Fig. 2 is the first conductor layer schematic top plan view of the present invention.
Fig. 3 is the second conductor layer schematic top plan view of the present invention.
Fig. 4 is the 3rd conductor layer schematic top plan view of the present invention.
Fig. 5 is the 4th conductor layer schematic top plan view of the present invention.
Fig. 6 is the frequency response characteristic figure of band pass filter embodiment of the present invention.
Embodiment
For the technical scheme of the embodiment of the invention more clearly is described, below in conjunction with accompanying drawing concrete enforcement of the present invention is described further, but enforcement of the present invention is not limited thereto.

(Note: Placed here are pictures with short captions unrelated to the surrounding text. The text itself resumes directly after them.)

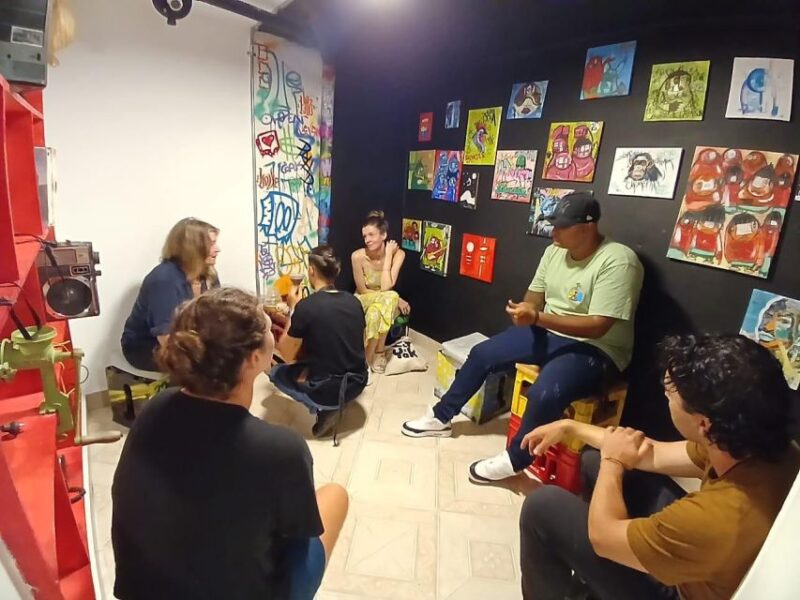 Medellín: Comuna 13 With Locals and Snacks - Itinerary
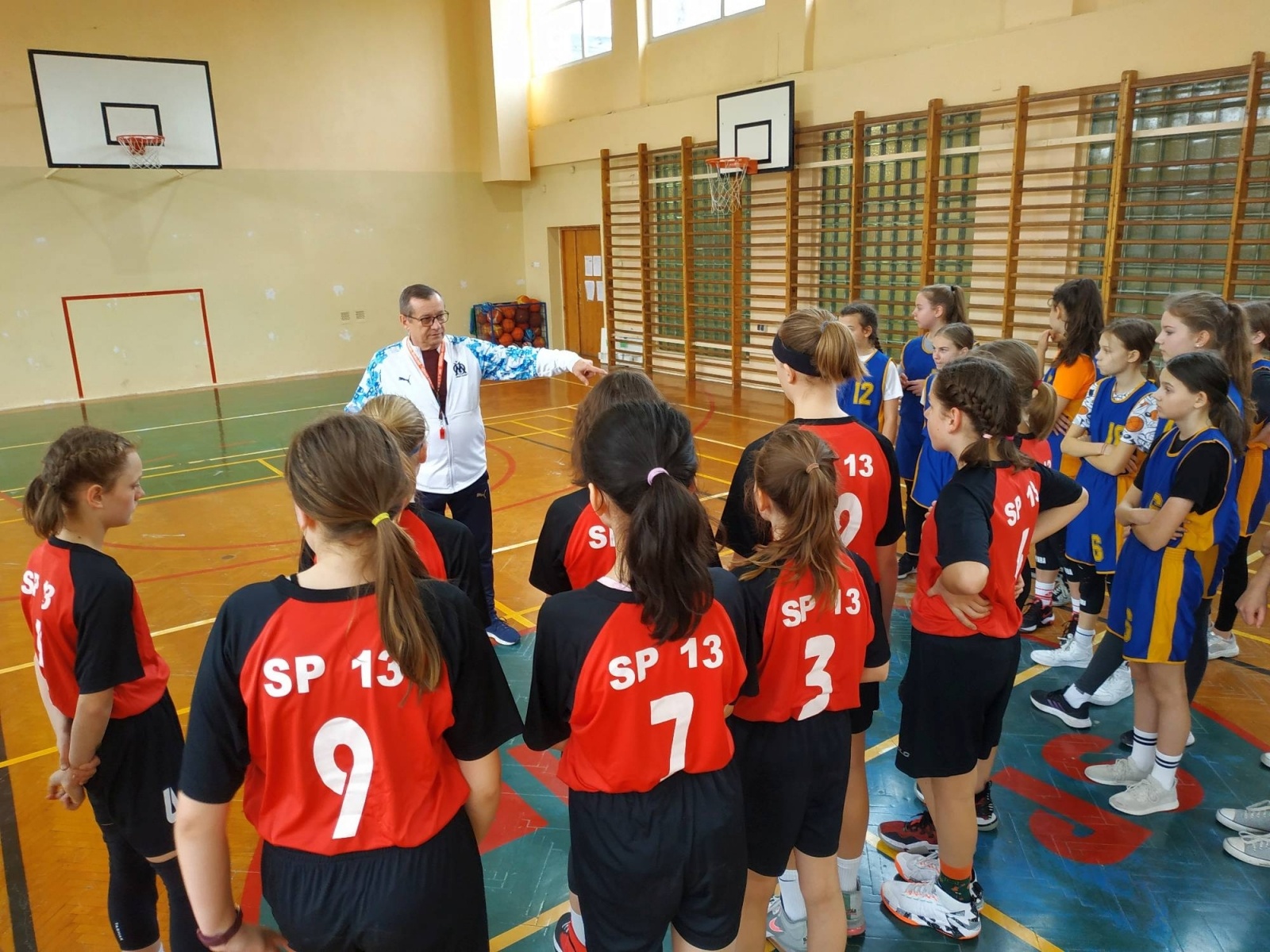 Zdjęcie w galerii na portalu naszraciborz.pl: SP 13 najlepsza w minikoszykówce dziewcząt wiadomości z regionu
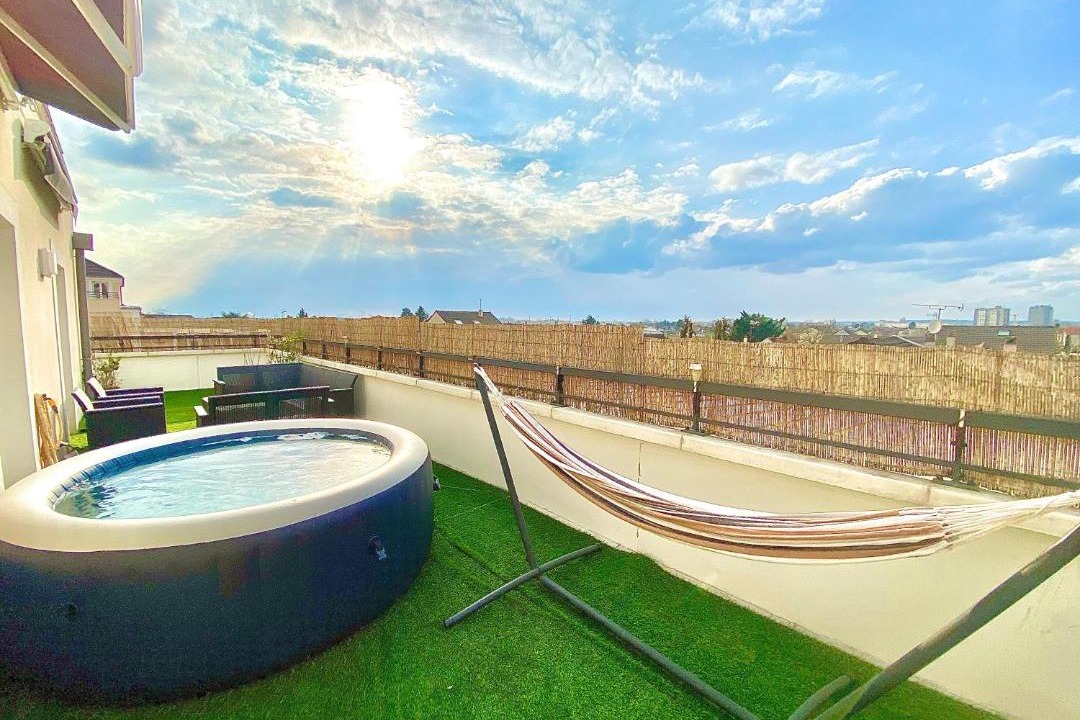 Photo of Patio Balcony in Le Blanc-Mesnil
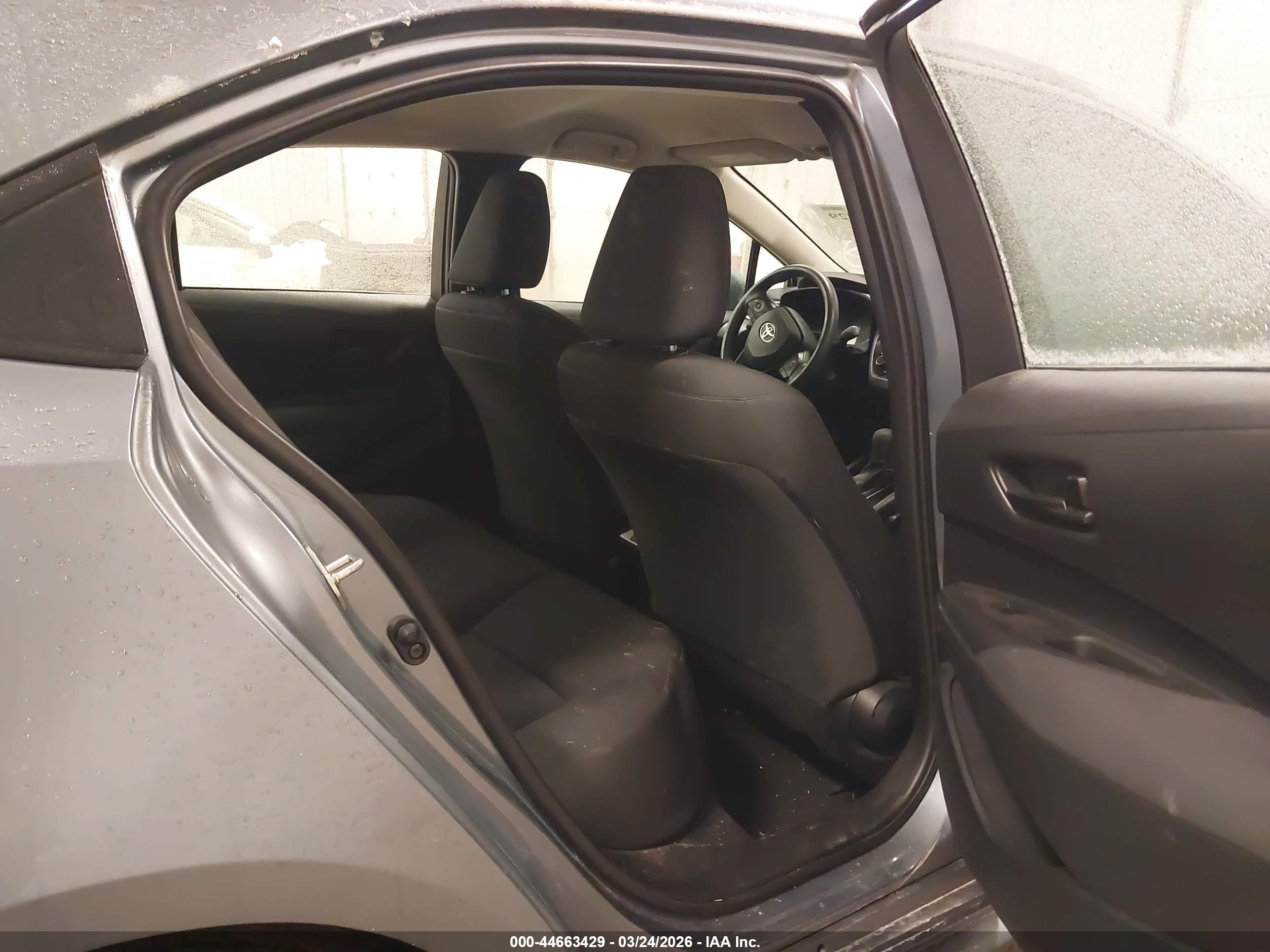 TOYOTA COROLLA image 8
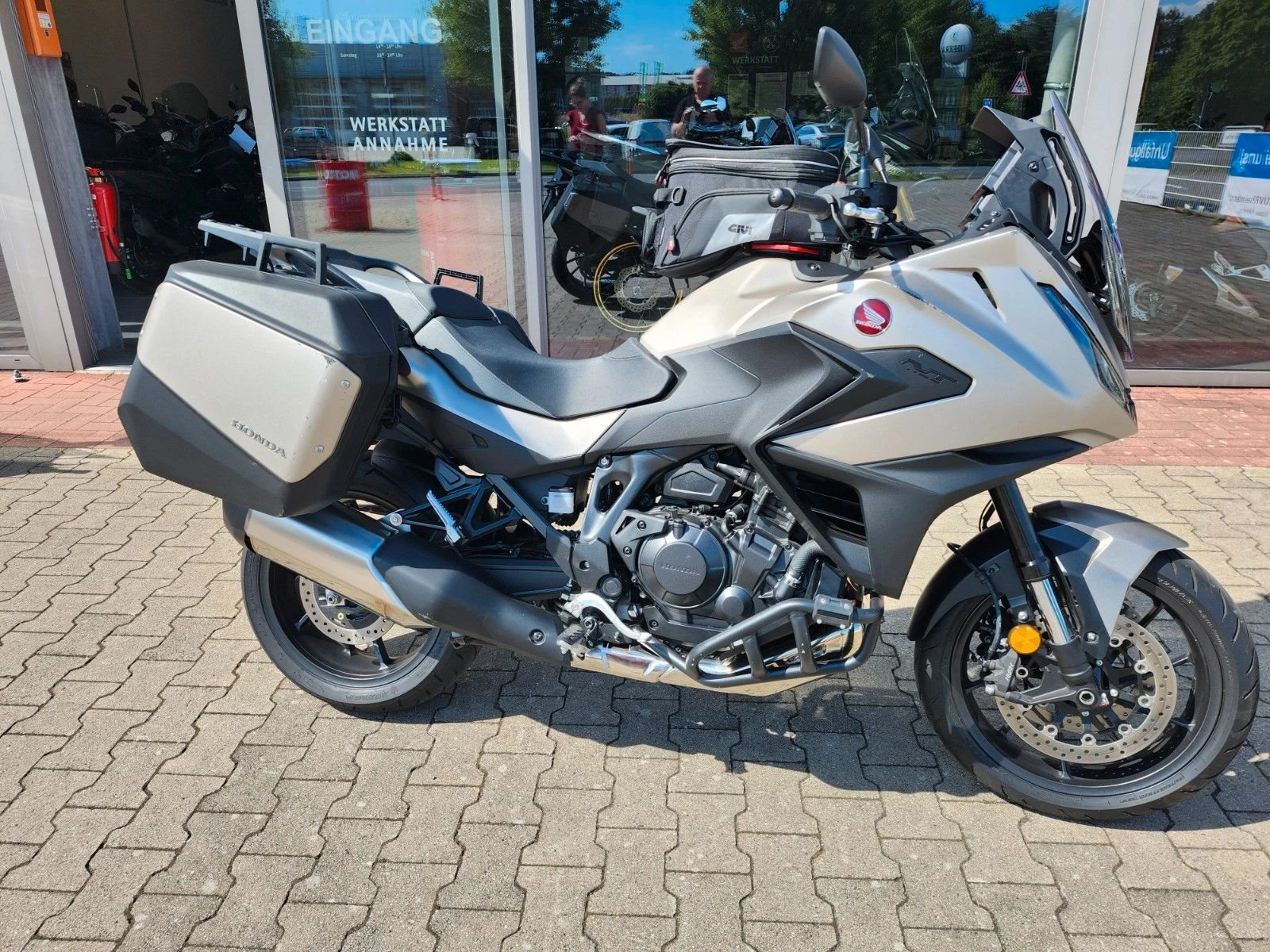 Honda NT1100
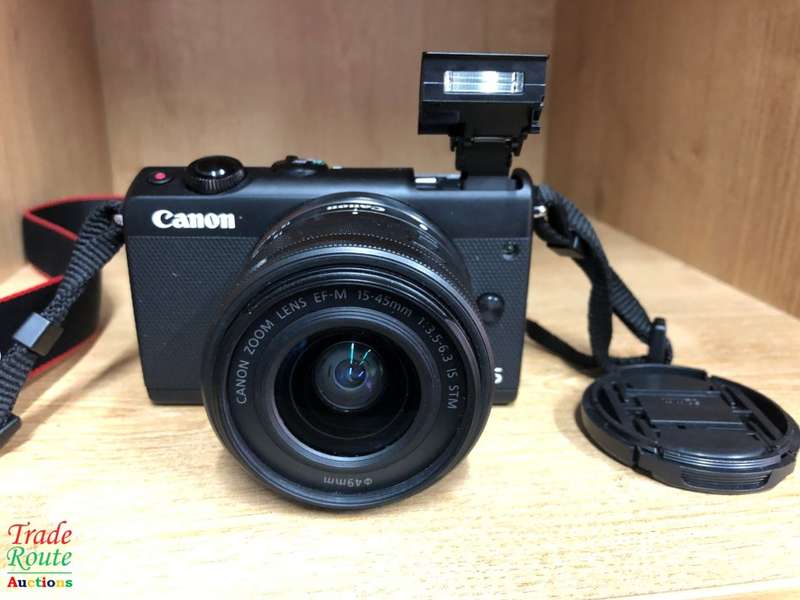 Canon EOS M100 Mirrorless Camera with 15-45mm Lens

As shown in Figure 1, the embodiment of the invention provides a kind of wide stopband LTCC second-order bandpass filter based on the magneto-electric coupled technology that disappears mutually, whole filter is the LTCC sandwich construction, be made up of four layers of medium substrate and four layers of conductor layer: first conductor layer is positioned at the first medium substrate surface, second conductor layer is between first medium substrate 1 and second medium substrate 2, the 3rd conductor layer is between second medium substrate 2 and the 3rd medium substrate 3, and the 4th conductor layer is between the 3rd medium substrate 3 and the 4th medium substrate 4; Four layers of medium substrate are LTCC ceramic dielectric substrate, first conductor layer is printed on first medium substrate, 1 upper surface, second conductor layer is printed on second medium substrate, 2 upper surfaces, and the 3rd conductor layer is printed on the 3rd medium substrate 3 upper surfaces, and the 4th conductor layer is printed on the 4th medium substrate 4 upper surfaces.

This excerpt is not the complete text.